[89 minutes. R. Director: Noel Black]
The distorting effect of glass – and reflective surfaces in general – is a big visual motif in Noel Black’s Pretty Poison, and it makes sense: when lanky outcast Dennis Pitt (Anthony Perkins, tweaking his Norman Bates persona) is released from an institution, he sets his sights on small-town girl Sue Ann Stepanek (Tuesday Weld), who is immediately smitten by his claims of being a secret agent. At first, their rapport is easygoing and sort of charming; a spring romance taken from practically any teen-rebellion flick from the 1950s (indeed, the film shares more in common with the Andy Griffith era than the love-generation ‘60s). But a duality emerges in both characters that shows that what may look “normal” on the surface can be harboring a deep, irreparable distortion.
Pretty Poison sets the tone during the first scene, in which a set-to-be-released Dennis speaks with his parole officer, Azenauer (John Randolph). We are made privy to the fact that this young man – with his boy-next-door looks and slightly awkward demeanor – is a pathological liar.
He also looks older than Sue Ann, which adds a queasy subtext to the proceedings (she’s a high-school senior of legal age, first glimpsed in her short-skirted marching-band uniform), one that Black and screenwriter Lorenzo Semple, Jr. exploit in intriguing and unexpected ways. Despite its seedy neo-Noir underpinnings, Pretty Poison manages to be both tasteful and efficient; complex and fascinating; and full of suspense and mood as the noose inevitably tightens.
Dirty glass windows spattered with chemical runoff that looks ominously like blood. Odd glass tumblers at a roadside burger joint that render faces with the effect of a funhouse mirror. The ridiculously exaggerated viewfinder Dennis uses to monitor the progress of an assembly line (containing sealed glass bottles of an unidentified red liquid). There are even multi-colored glass knickknacks in the front window of Sue Ann’s house.
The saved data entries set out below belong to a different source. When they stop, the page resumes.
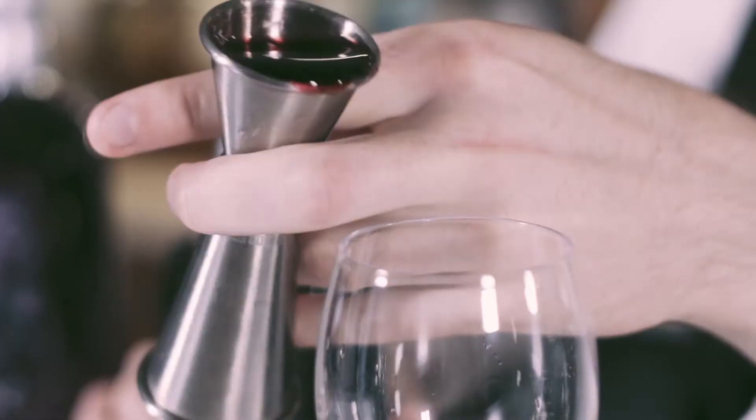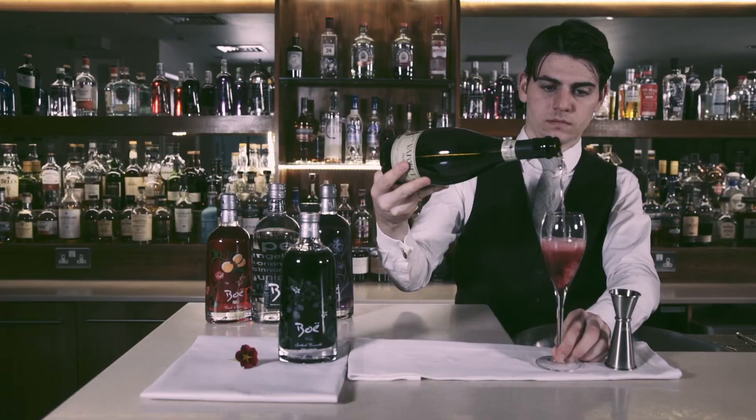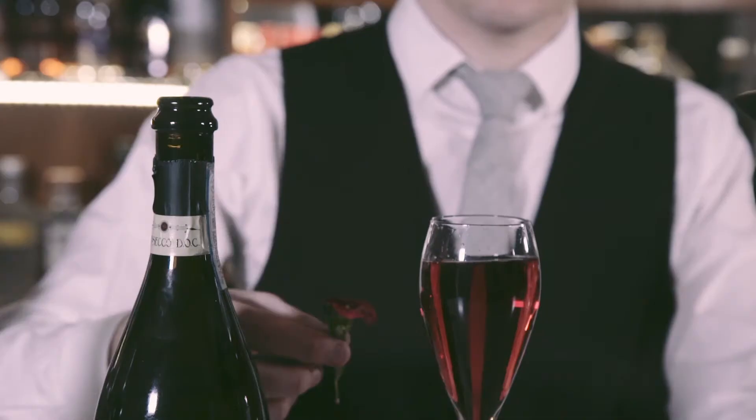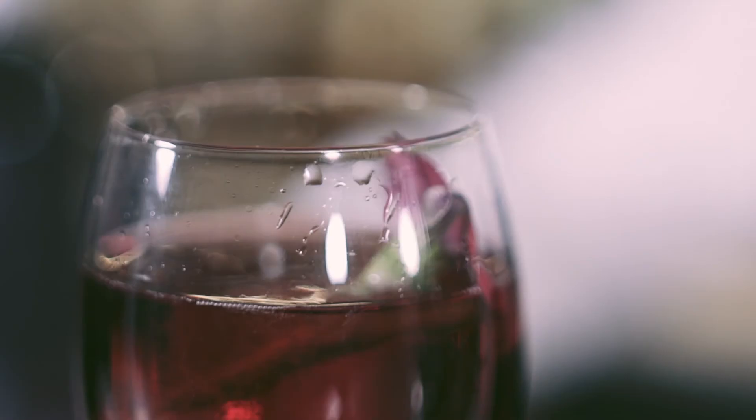Pour 25 mils of Beau Scottish Bramble Liqueur into a flute and top with your chilled prosecco or champagne. Then garnish with an edible flower. That's a Royal Beau, perfect for a special occasion.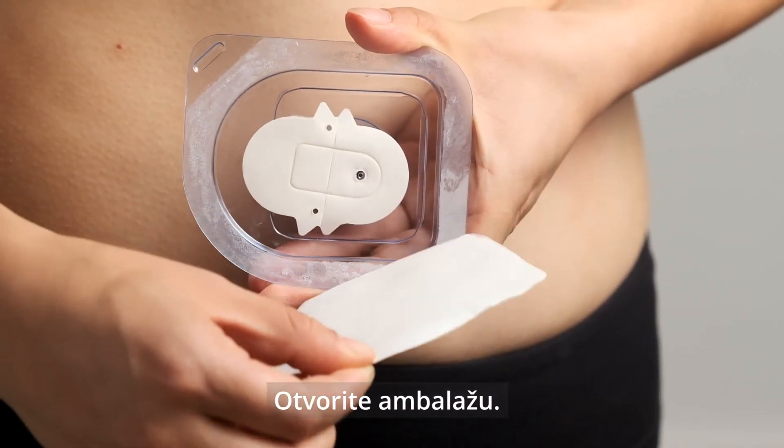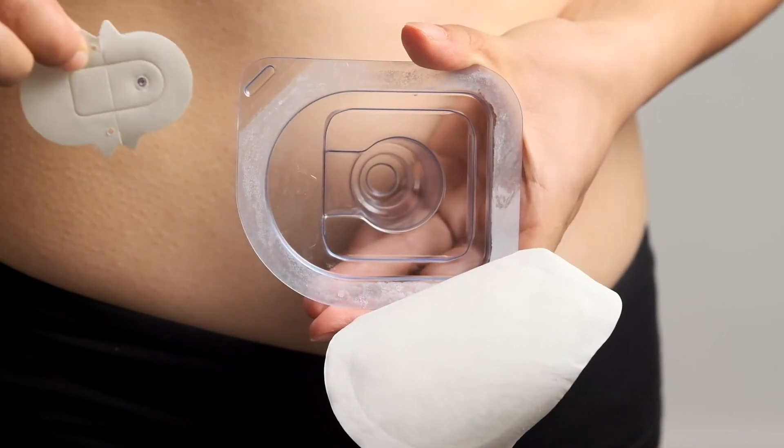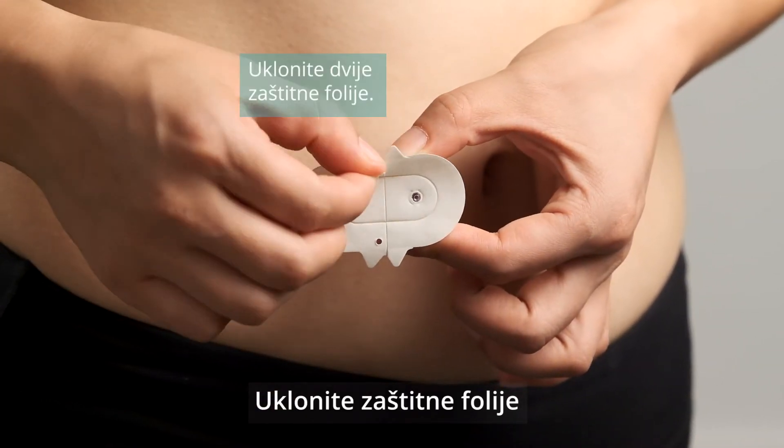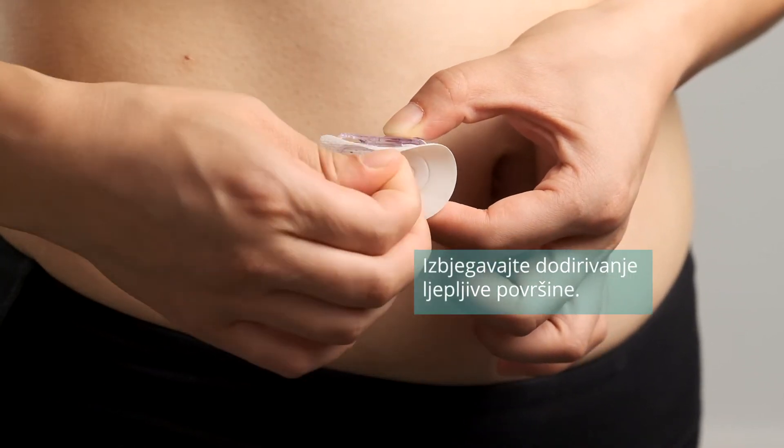Open the sensor package. Gently take out the sensor. Remove the two pieces of protective liners. Avoid touching the adhesive area.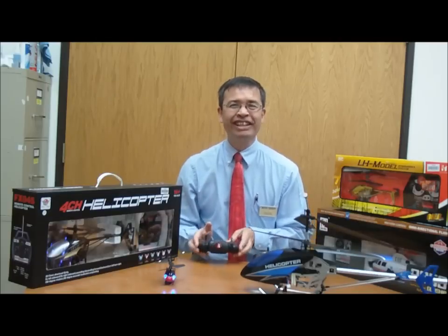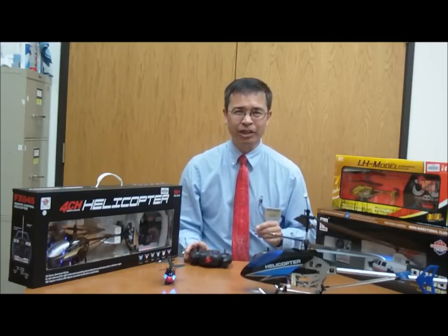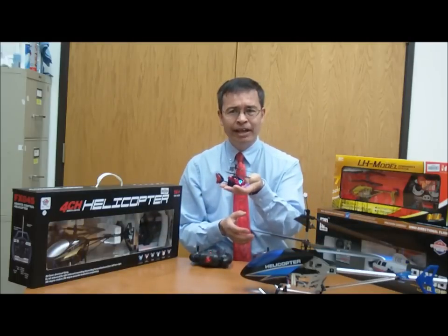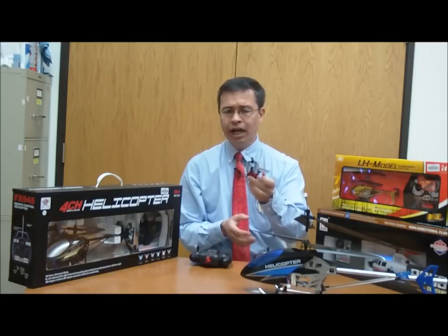Hi, welcome to Knowledge Bar. My name is Jerry, and it is that time of year again to talk about RC helicopters available here at Micro Center. We have a fun selection this year, starting with the little IR Mini Helicopter. The Micro here is actually not a good choice for a small child.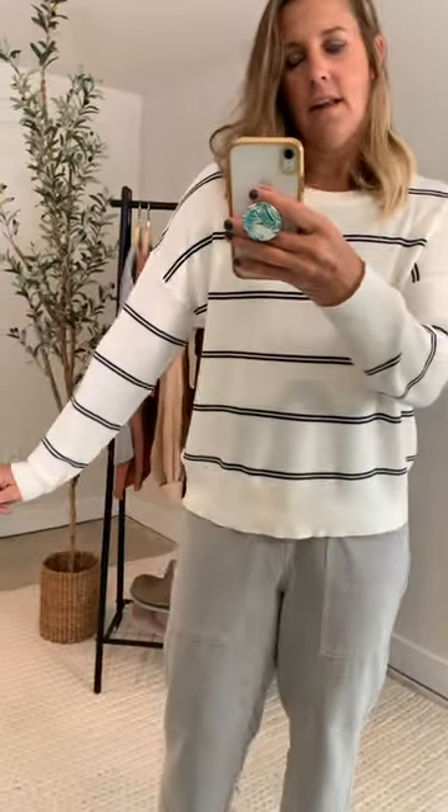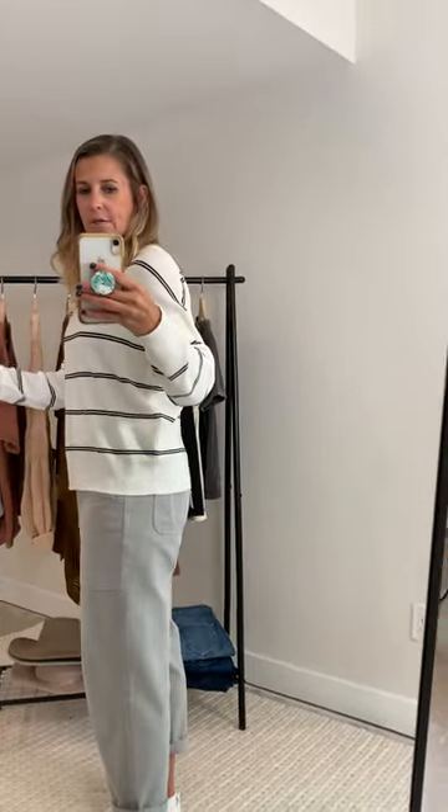It's got the cute double black stripe in there. I love a drop shoulder hem — I think it's a really flattering cut. Not super long, but definitely not like a crop by any stretch. Same length all the way around.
As characters, there is a depth to Dennis and Sue Ann that portends something greater: the thrill of burgeoning young love, the danger of the unknown, and the fragility of human emotion under duress – not unlike a glass placed too close to the edge of a tall table.
In keeping the narrative largely character-driven (with both Perkins and Weld giving great performances), the script and direction thrives due to the teasingly subjective approach. We view the world through the eyes of these mysterious, potentially unreliable, and seemingly disparate individuals. As a result, we are locked out of their inner workings until the antisocial seams loosen, springing something shocking to the surface. Nothing is a foregone conclusion in Pretty Poison, and the less said about the plot, the better. Black treats the seemingly innocent beats of the beginning – including some dorky humor (Dennis’s made-up façade is right out of a bad B movie) – with an appropriate sappiness, which only makes the misdirection that much more effective when the film takes an unexpected midpoint turn.
Now, since there’s no way to dance around it…SPOILERS below!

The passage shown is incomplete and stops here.